17 juli 2024
Voor W., uit liefde
God is van onze parochie
en hij rijdt met de fiets.
– Het Zesde Metaal
Juli. Hoogzomer en eindeloze vakantie. Mijn vader riep ‘Allez, demarreren!’ tegen de tv. Mijn zus en ik moesten buiten spelen, Want Mijn Vader Keek Naar De Tour.
Daar zat hij dan, zijn zetel dicht tegen het scherm, de krant met de lijst gestarte wielrenners op zijn schoot. Met een rode balpen doorkruiste hij namen. ‘Opgegeven.’, zuchtte hij met een mengeling van compassie en misprijzen. De leraar in hem, die ging niet met vakantie.
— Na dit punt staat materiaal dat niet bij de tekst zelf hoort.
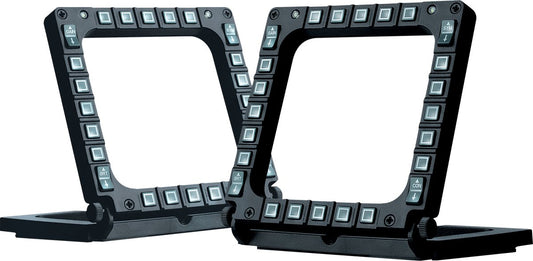 Thrustmaster MFD Cougar Pack - Flight Control System - USB Cockpit Panels - for PC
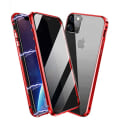 Miniatyrbild 1 av 7: Sekretess magnetfodral till iPhone 12 pro|röd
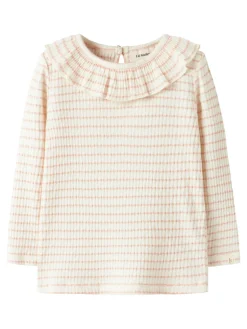 Osophia Bluse - Cameo Rose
In augustus gingen we op reis. Naar Frankrijk bijvoorbeeld. De bergen in. In een Toyota Carina zonder airco en mét zetels in skai. Bij de minste temperatuurstijging versmolten mijn billen met het fameuze nepleer. Mijn vader stuurde zelfbewust door de haarspeldbochten. Mijn moeder moest ‘de kaart lezen’. Ze had er geen talent voor, zo bleek uit zijn commentaar, maar ze werd niet van haar taak ontheven.
Op de achterbank speelden mijn zus en ik oorlogje, of kotste ik in een lege Vitabisdoos. De combinatie van haarspeldbochten en de geur van warme skai was onverbiddelijk voor een kind met wagenziekte. Ik heb nog een oud dagboek in hanenpoten: ’tien uur, nog niet overgegeven’. Een succes dat het noteren waard was. Ik heb er een moeilijke relatie met auto’s aan overgehouden.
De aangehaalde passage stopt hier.